Wednesday, June 22, 2011

Free lunch

The unexpected mid-year salary raise offered to me on a silver platter did, in fact, occur, and it came with a pile of work because there is, in fact, no such thing as a free lunch. 

The new housemaid, 15 years old, left again after two weeks of employment.  I am back to washing dishes and bearing mother's lamentations on doing the laundry.  I secretly suspect she enjoys the leverage of driving me to guilt for never being home with enough time to do the laundry. But my guilt is purely based upon her pleasure or displeasure, and nothing to do with my time or the laundry. Obviously if I had my own way I would invest in a one-touch button washing machine and come home to find my clothes dry.  It would of course be a waste of Jakarta's scorching hot sunlight to use a drying-machine, but I would of course be using solar cells to power it so that should be fine. 

I digress.  The maid resigned, saying she was tired and wanted to go home. Mother asked whether she wanted a raise, whether she wanted less work, whether she wanted to go to school. She said, no, she just wanted to go home. Mother asked what she was going to do back home and she replied that she didn't know. I heard the story over the phone, in my office, at my desk littered with a thousand-million to do's. My primary concern was for mother, but we had gone through so many long periods without a maid it really wasn't anything out of the ordinary or insurmountable. My other concern was if her parents had no money and she would not go to school and she did not want to work then what did she want to make of her life? 

I was overworked, harsh, and prejudiced. I knew nothing of her 15 year old mental situation. If her parents were anything like typical uneducated parents in this country they would hope to just marry her off as soon as she came of age and hope for the best. But I wouldn't know.

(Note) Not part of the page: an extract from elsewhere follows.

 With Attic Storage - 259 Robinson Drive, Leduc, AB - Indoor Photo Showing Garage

All I knew was that I had no patience for her lazy explanations because nobody should expect a free lunch, not the rich and certainly not the poor. That said, she is too young to be working. If it weren't for the thought that she needed the work to help her get by in life, what reasonable person could hire a child? 

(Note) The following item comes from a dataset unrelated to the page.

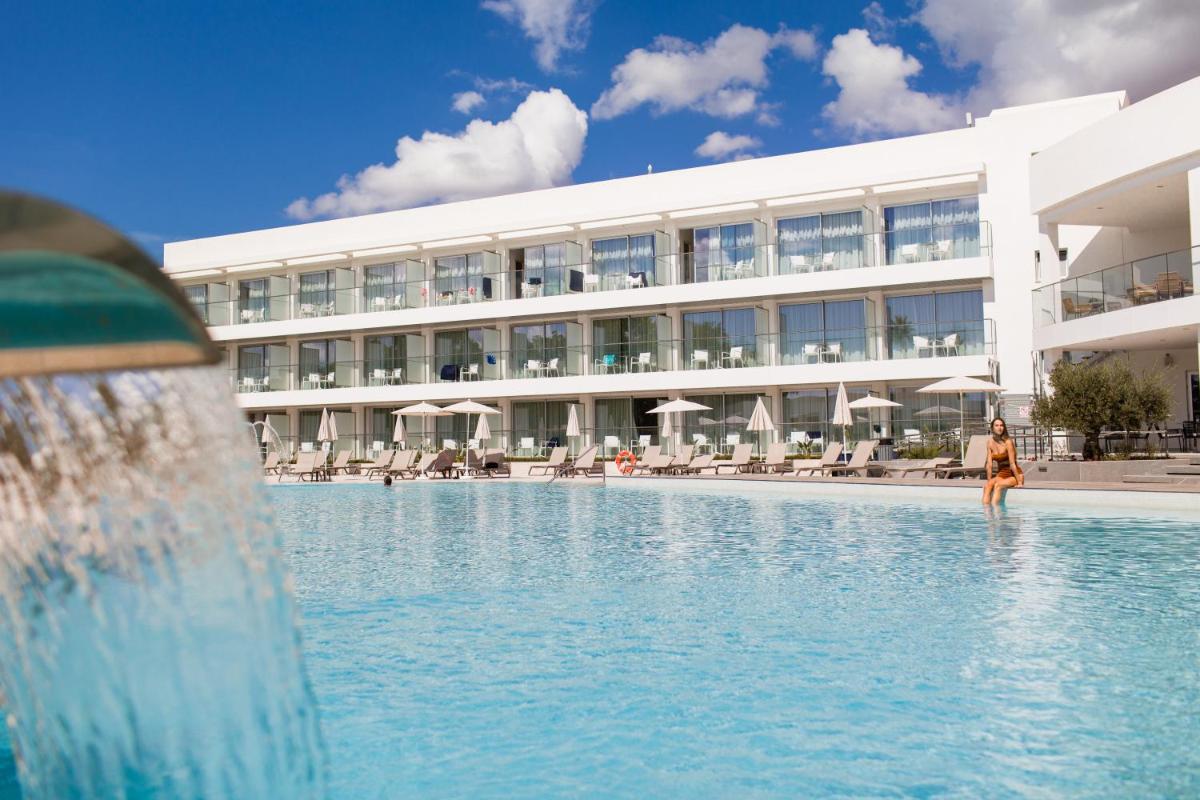 Piscina en o cerca de Gran Sagitario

On that note I shall make myself imagine that she is going back home to follow her heart, defy her parents,  tell them that she has her whole life in front of her, that she is not ready to work or get married, and she wants to just sit home and read whatever she can read so that she can get a scholarship to school.

What are the chances of that being the case?

I regret that I wasn't home enough to talk to her properly.